PLUMAS — Despite concerns by a local preservation group, a large but sparsely populated county in the Sierra Nevada has done a good job planning for a future of continued population decline, according to a recent California appeals court decision.
The three-judge panel concluded Plumas County's environmental impact report (EIR) under California's Environmental Quality Act (CEQA) adequately analyzed reasonably-foreseeable development within the more than 1.6 million-acre county, including what impacts to expect outside its planning area.
"Steady to declining population combined with policies designed to limit growth outside the planning areas supported the EIR’s determination that little development would occur in the manner feared by High Sierra," the California Third District Court of Appeal's decision said, referring to the High Sierra Rural Alliance, an environmental group. "We agree with the trial court that the county reasonably crafted the EIR as 'a first-tier environmental document that assesses and documents the broad environmental impacts of a program with the understanding that a more detailed site-specific review may be required to asses future projects implemented under the program'."
The 35-page decision was filed Oct. 19 and certified for publication on Nov. 15
California Third District Court of Appeal Justice Andrea Lynn Hoch
Appeals Court Justice Andrea Lynn Hoch wrote the decision in which Justice Cole Blease and Justice William J. Murray Jr. concurred.

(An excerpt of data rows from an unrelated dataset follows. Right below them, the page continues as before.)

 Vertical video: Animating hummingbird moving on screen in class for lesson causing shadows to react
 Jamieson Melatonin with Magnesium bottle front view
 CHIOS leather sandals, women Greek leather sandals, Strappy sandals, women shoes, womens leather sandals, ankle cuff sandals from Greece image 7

The appeals court affirmed an earlier Plumas County Superior Court ruling in February 2016 that denied in its entirety the petition and complaint filed the previous summer by the High Sierra Rural Alliance against the county over its EIR.
High Sierra Rural Alliance, a nonprofit grassroots organization with a stated commitment to the "preservation and enhancement of the rural Sierra experience," initially filed a petition for writ of mandate and complaint challenging Plumas County board adoption of the general plan update and final EIR.

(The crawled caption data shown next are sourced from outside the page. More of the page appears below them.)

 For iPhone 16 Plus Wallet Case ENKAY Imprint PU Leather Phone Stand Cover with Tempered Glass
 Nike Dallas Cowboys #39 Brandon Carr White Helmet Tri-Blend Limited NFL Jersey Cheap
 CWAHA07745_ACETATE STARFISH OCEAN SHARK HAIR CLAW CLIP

The organizations alleged, among other things, that the county's general plan update violated California's Timberland Productivity Act of 1982 and that the county violated the CEQA when it failed to properly address potentially significant impacts of allowing construction of multiple buildings to cover up to two acres on a single parcel. The organization also claimed that the should be required to recirculate the final EIR because of significant information about development had been added after the public comment period closed.
The appeals court panel was not impressed by High Sierra Rural Alliance's claims.
"We are not persuaded the restrictions on maximum size in the revised building intensity standards constituted 'significant new information' that rendered the draft EIR so fundamentally and basically inadequate and conclusory in nature that meaningful public review and comments were precluded," the decision said. "To the contrary, the addition of maximum sizes for various structures did not change the scope of the project in a rural county for which the data shows fewer parcels and structures will be developed than even the small number over the decade from 2000 to 2010."
Information that was added to the EIR "merely clarifies or amplifies or makes insignificant modifications" to an already "adequate EIR," the decision said.
"The draft EIR did not fail as an informational document and the county's final EIR does not need to be recirculated," the decision said.